(The Associated Press circulated the following article on March 8.)
HAVRE, Mont. — Burlington Northern Santa Fe Railway has bought 15 properties in North Havre and has first rights to buy another 60, most of them from residents who settled a lawsuit with the railroad over contaminated groundwater.
Terms of that July settlement are confidential, and neither BNSF nor the landowners would confirm whether the purchase agreements are part of that settlement.
About 80 North Havre residents sued the railroad, contending that diesel fuel and other chemicals seeped under their property, polluted their groundwater, ruined their property values and caused a variety of health problems.
Tests have shown that as much as 1.2 million gallons of diesel fuel leaked or spilled at the Havre rail yard along U.S. Highway 2 between the 1940s and 1970s.
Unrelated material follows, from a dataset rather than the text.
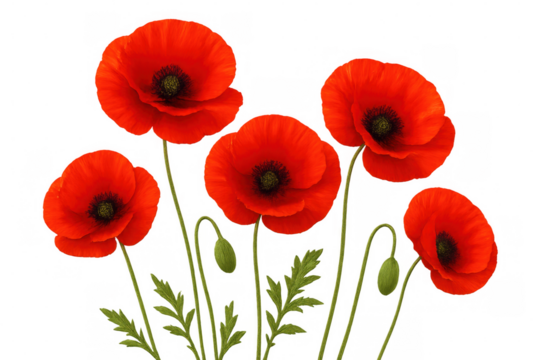 Five blossoming red poppies with green stems, leaves, and buds are isolated on a transparent background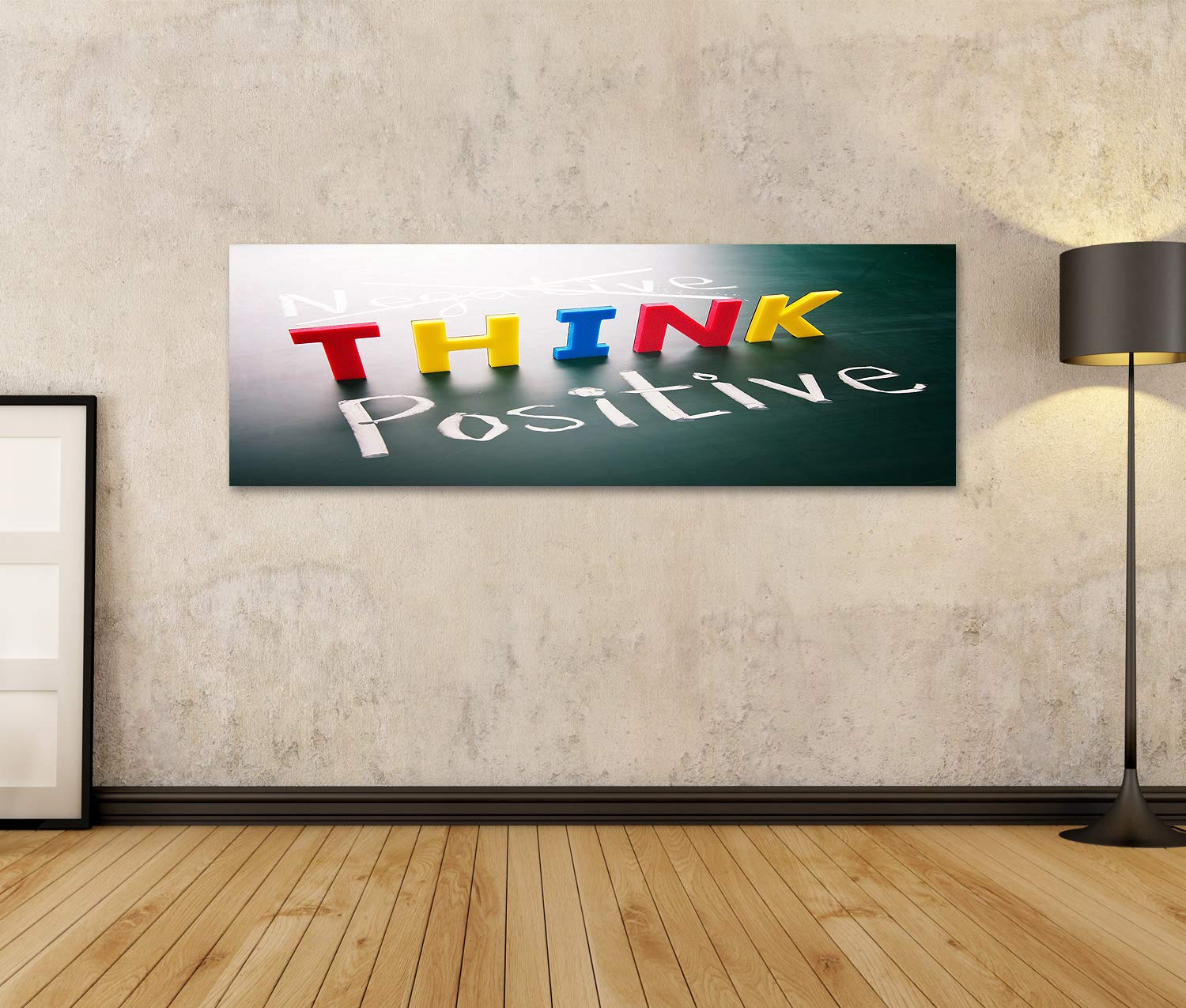 Quadro moderno Pensare positivo pensare, parole colorate, non negative positive sulla lavagna Stampa su tela - Quadro x poltrone salotto cucina mobili ufficio casa - fotografica formato XXL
The fuel seeped into the groundwater and washed benzene, toluene and other cancer-causing toxins under North Havre, an unincorporated cluster of small homes and trailers between the rail yard and the Milk River.
Contamination also escaped two lagoons filled with chemicals from the railroad’s diesel engine repair shop, according to environmental reports supplied to the state.
Since Aug. 18, BNSF has purchased 15 properties in North Havre. Of those, nine were from people who had right of first purchase agreements with the railroad.
Venise Rosenberry sold four lots she owned in North Havre to BNSF on Dec. 11. She said she was glad to be rid of the property and was satisfied with the sale to BNSF.
Rosenberry did not live on the property. She said she had planned to make improvements, but the contaminated water under it made that impracticable.